The embarrassment hit him harder than the actual pain of face-planting into a metal pole. He stumbled back, wanting to say something, hold, feel—anything, but the only thing he could do was—


"And this will be your new door-code, your new door-code, please memorize this as your new door-code," the man droned, like an overworked auctioneer who no longer had the will to speak rapidly. He gestured to the front of the screen. "Your new door-code, please don't write anything down. Please memorize your new door-code."

Sarah sighed as she glanced down at her phone. Ever since the security head had departed and left this man in charge, things had crawled like a snail through peanut butter. She could tell from his stiffly pressed suit and the thick pomade in his hair that he wasn't someone from the field. No. Too prim and pretty for that. The man probably paid weekly for his neatly manicured nails.

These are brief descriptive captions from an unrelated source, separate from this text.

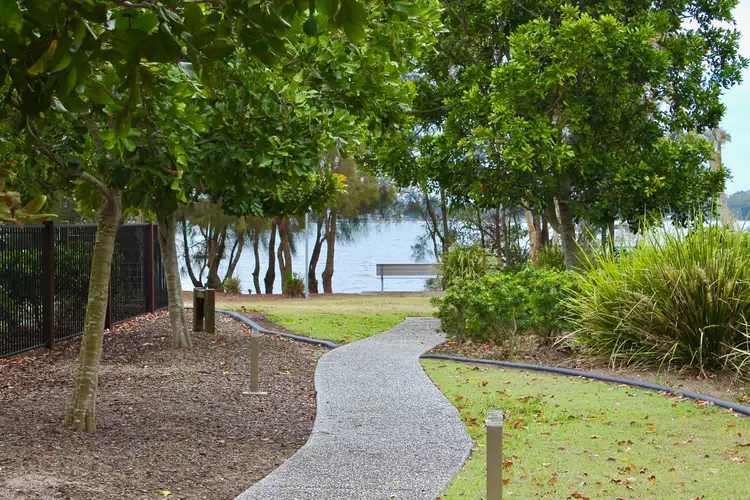 Seventh view of Homely unit listing, 4 Seabreeze Court, Sandstone Point QLD 4511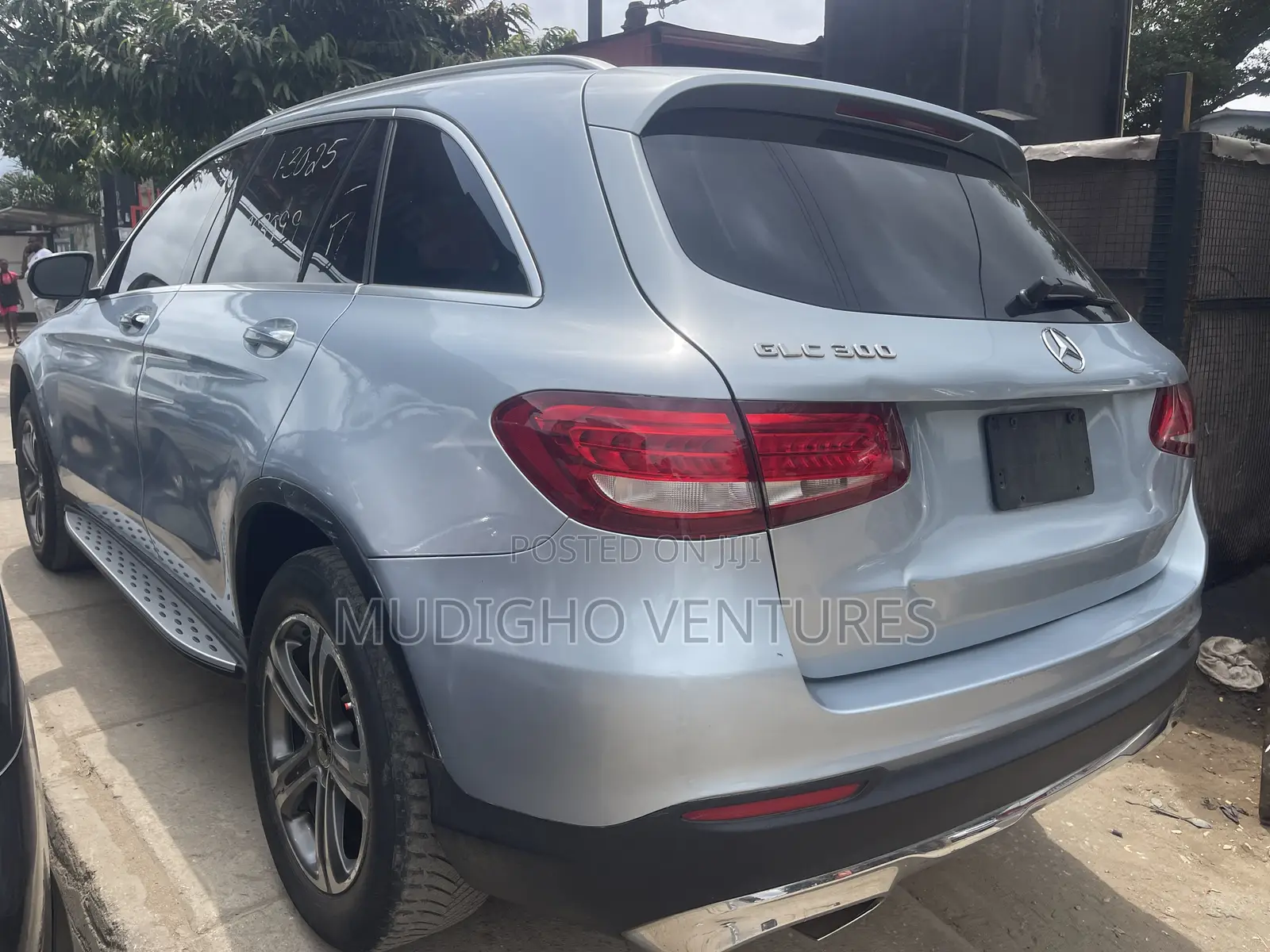 Mercedes-Benz GLC-Class 2017 Blue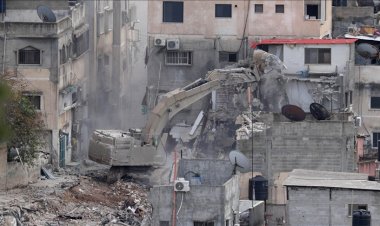 İşgalci İsrail ordusu, yargı kararına rağmen Tulkerim Mülteci Kampı'nda Filistinlilerin evlerini yıkıyor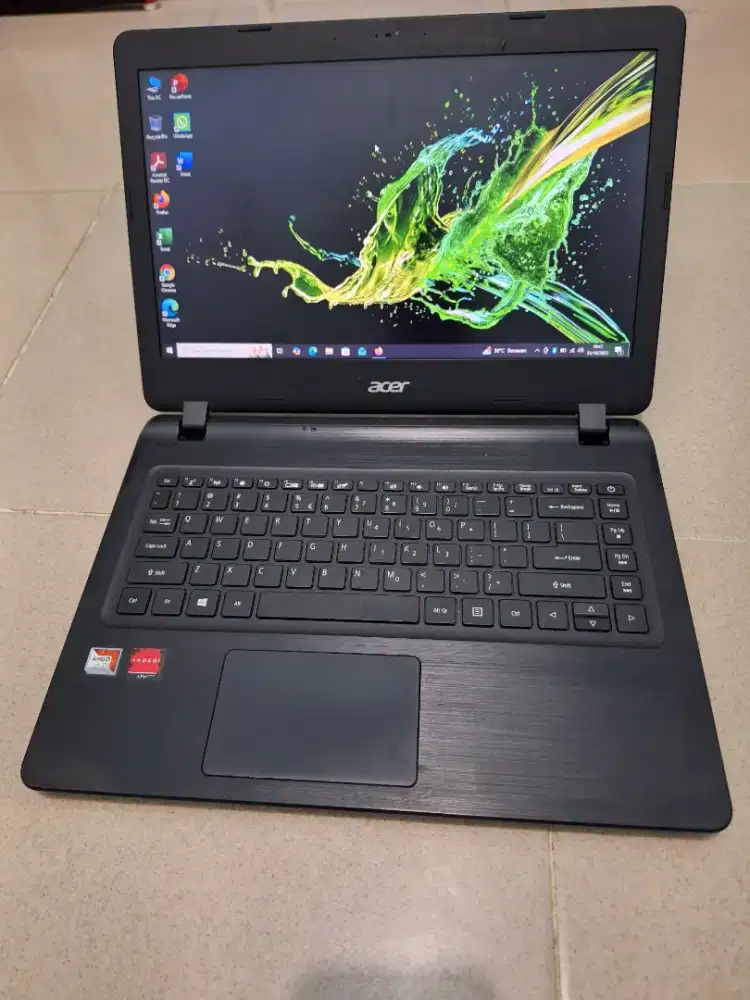 Bismillah dijual laptop acer A9 ram 8gb ssd 256gb siap pakai
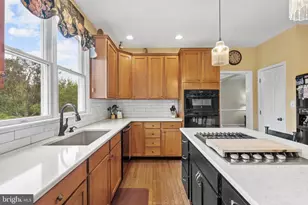 22 Hope Rd, Holland, PA 18966 - Photo 14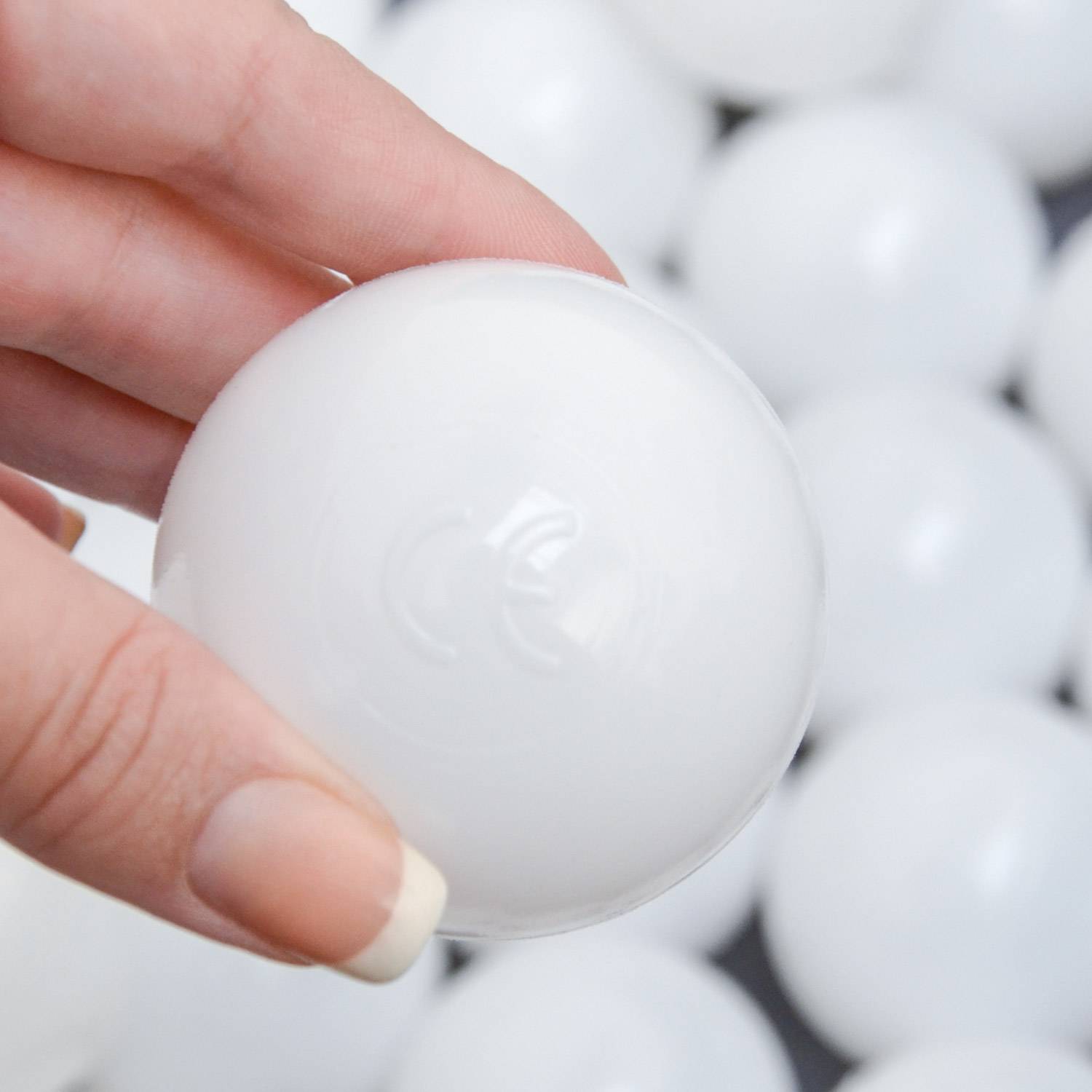 50 Bälle für Bällebad 5,5cm Babybälle Plastikbälle Baby Spielbälle Weiß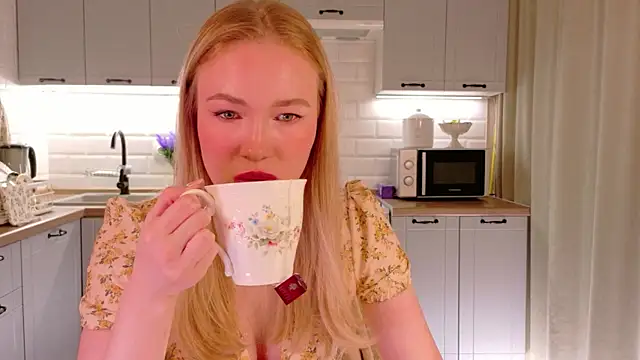 Veronika Mitchel online show from 04.07.26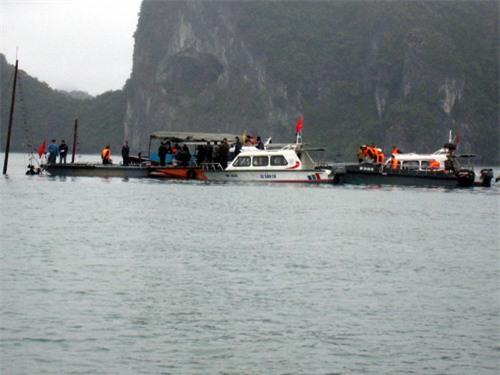 Những vụ chìm tàu du lịch đầy ám ảnh tại Việt Nam - Ảnh 4. Những vụ chìm tàu du lịch đầy ám ảnh tại Việt Nam - Ảnh 4.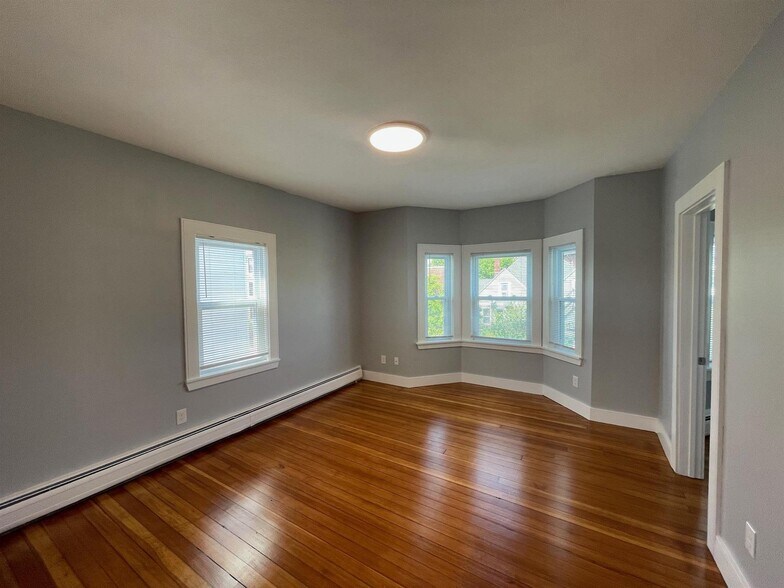 Building Photo - 356 Somerville Ave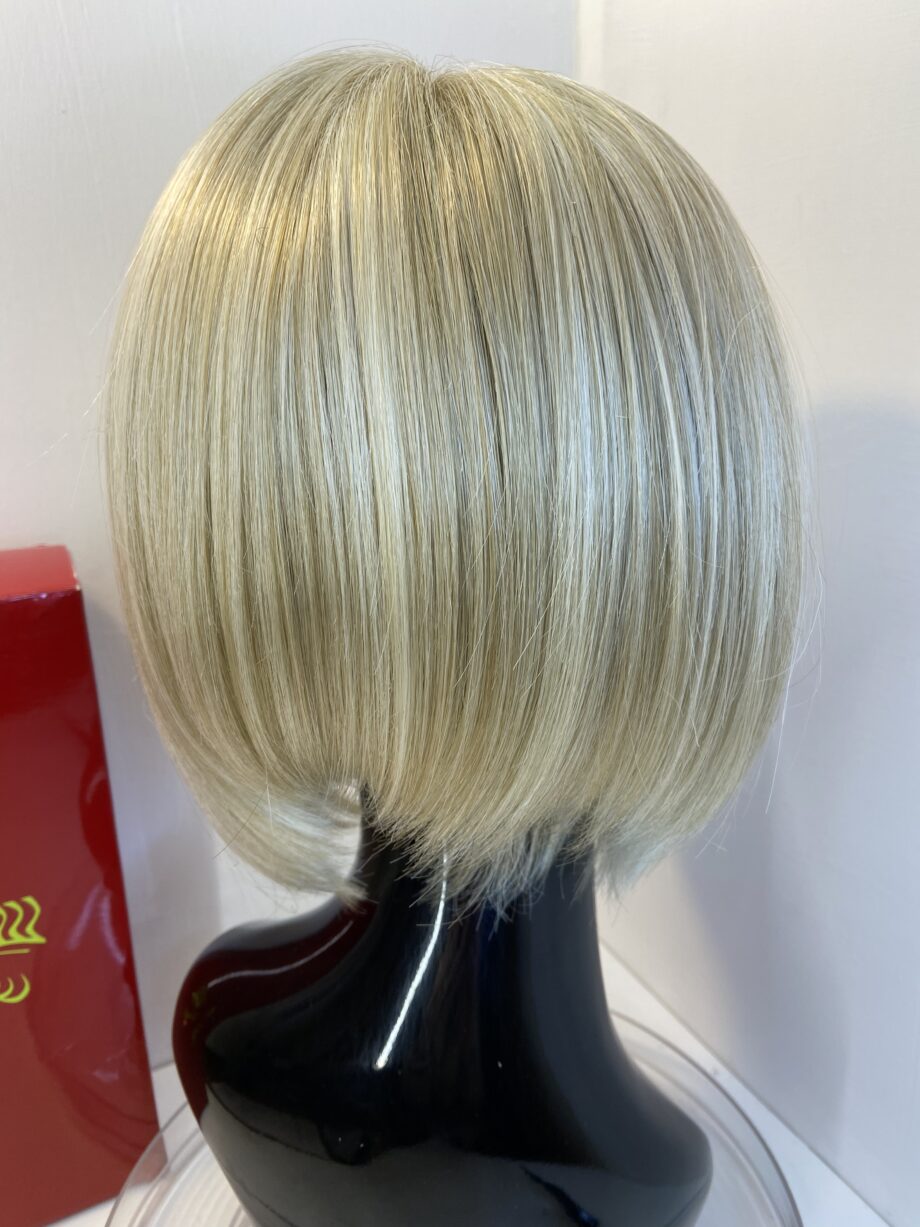 Light blonde Rene of Paris wig. Bblms386
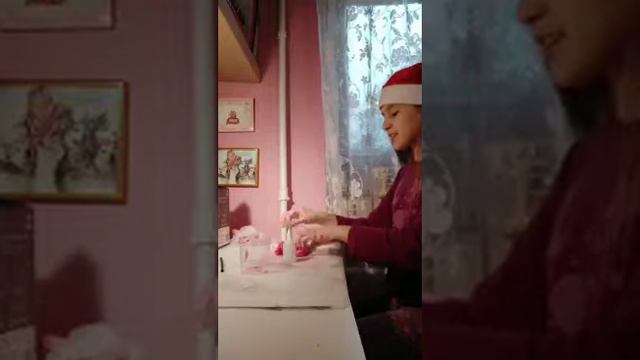 Чисто я по жизни делаю слайм всем советую купить такой набор и извините что без эффектов и музыки смотреть онлайн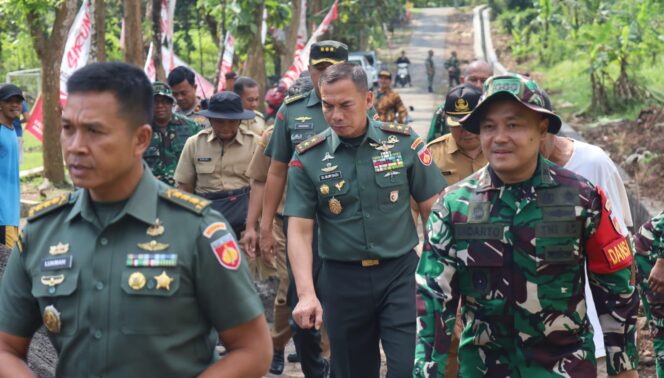 
					Pangdam IV/Diponegoro Tinjau Pelaksanaan TMMD di Gunungpati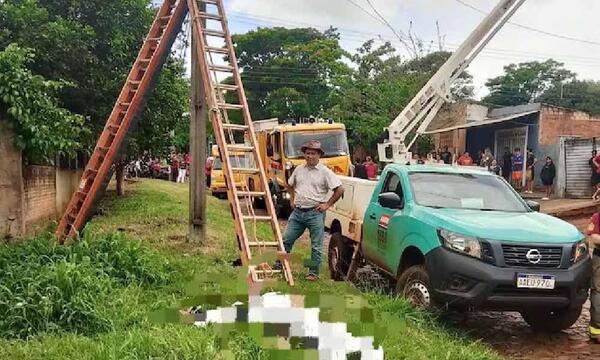 Electricista muere electrocutado tras subir a poste de la ANDE para reponer energía – Prensa 5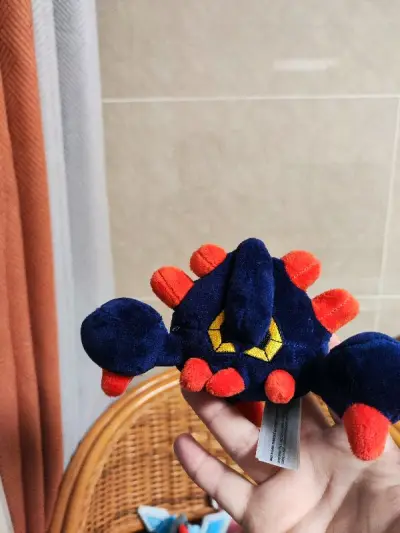 十分满意，石丸子，单首龙系列的fit，可惜三首恶龙的fit没有货，要不然更完美了，还送了本小说，非常棒，快递速度也快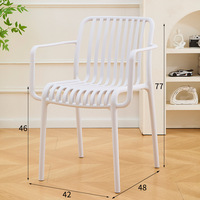 Chaise de salle à manger en plastique vert style minimaliste, idéale pour table à manger et café - Offre spéciale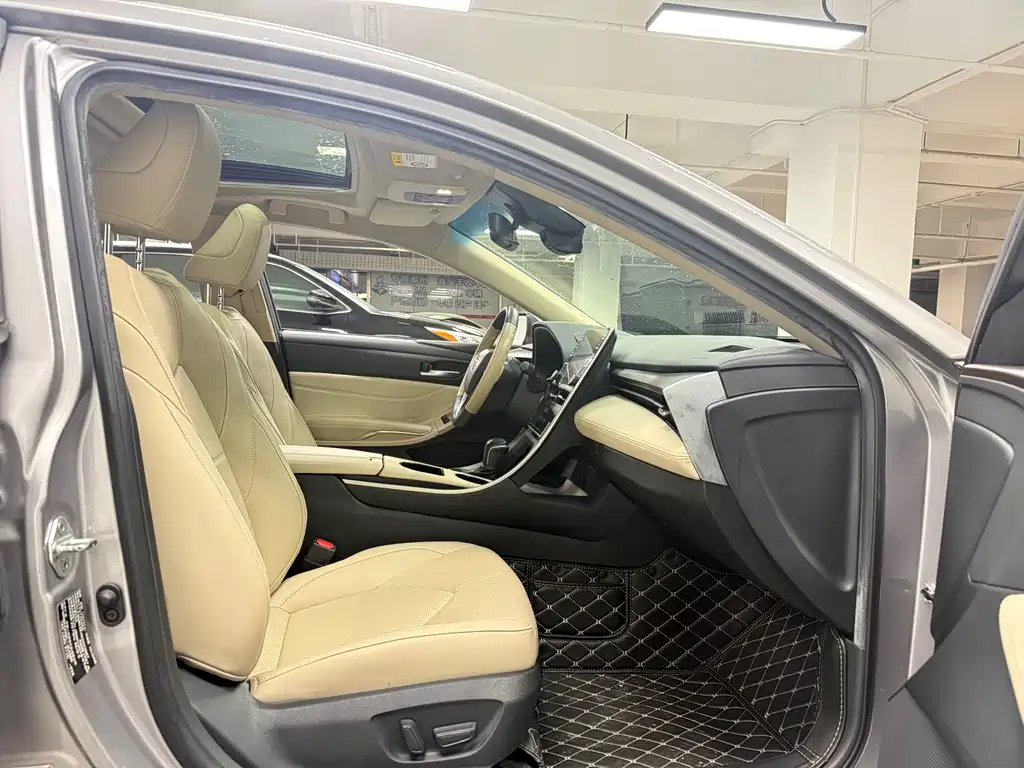Toyota Avalon 2019 2.0L XLE Premium Edition China VI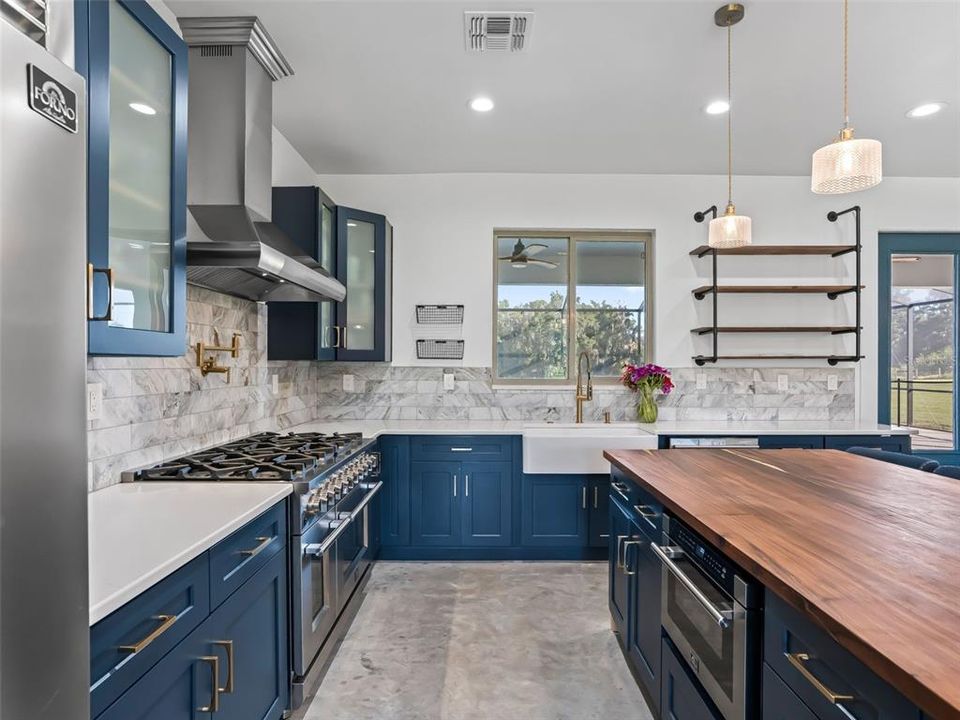 For Sale: $1,625,000 (3 beds, 2 baths, 2039 Square Feet)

"Does everyone have it memorized?"

Sarah was tempted to call home but she couldn't risk waking Charlotte a second time. Then again, if she didn't call to make sure Chuck wasn't indulging any bad habits, she'd probably get the same result in the morning.

"Excuse me."

Sarah didn't realize she was being spoken to until all eyes in the room were on her. Ducking her head, she slipped the phone back into her pocket and sat up in her seat, struggling to hold a straight face.

"Please don't record the number," he said, giving her a lecturing finger for good measure.

"I wasn't," she said.

"Lying to me is the same as lying to your country." He gave her a tight-lipped grin. "So don't do it."

"I wasn't," she repeated, quickly losing her patience.

"I saw you look at your phone. You've barely looked at the screen."

Sarah closed her eyes and took a deep breath. "Five-one-oh-five-five-seven-nine-oh-two-three. The elevator code is seven-nine-one-three, the floor code for the first is seven-two-oh-one, second is nine-one-two-three and third floor is eight-two-oh-two-three." She opened her eyes and looked at him pointedly. "Satisfied?"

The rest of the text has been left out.